— Exercise —
For this exercise, return all the data word for word, with images left out.

— Given information —
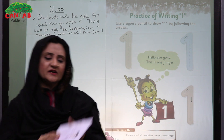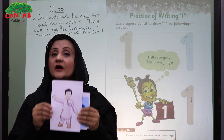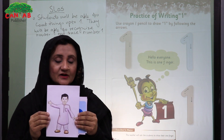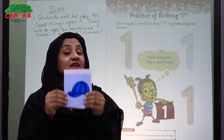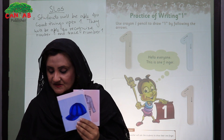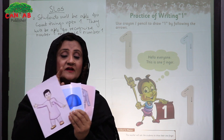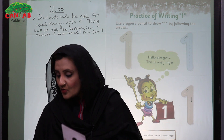Now we will create a story in front of our student like this. This is one boy, and he went to the bazaar to buy one cap and one coat. One cap, one coat.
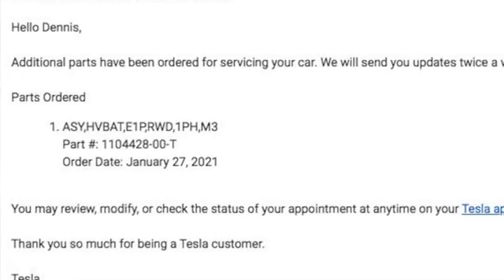Today is February 9th, and it looks like I'm not going to get my car back until February 23rd. I just got a call back from a service rep in Vancouver and they told me they have not received the battery, but they should get it by February 20th. So I should get it back by February 23rd — we'll just have to wait and see.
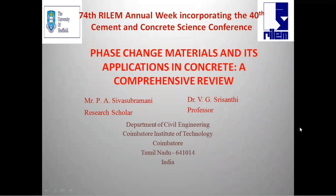Good morning. Myself Siva Subramani, Doctoral Research Scholar, and my Supervisor Dr. VG Srisanti, Professor and Head, Department of Civil Engineering, Koyamathur Institute of Technology, India. I am going to present on Phase-Change Materials and its Applications in Concrete: A Comprehensive Review.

— Written answer —
Now we will create a story in front of our student like this. This is one boy, and he went to the bazaar to buy one cap and one coat. One cap, one coat.
Today is February 9th, and it looks like I'm not going to get my car back until February 23rd. I just got a call back from a service rep in Vancouver and they told me they have not received the battery, but they should get it by February 20th. So I should get it back by February 23rd — we'll just have to wait and see.
Good morning. Myself Siva Subramani, Doctoral Research Scholar, and my Supervisor Dr. VG Srisanti, Professor and Head, Department of Civil Engineering, Koyamathur Institute of Technology, India. I am going to present on Phase-Change Materials and its Applications in Concrete: A Comprehensive Review.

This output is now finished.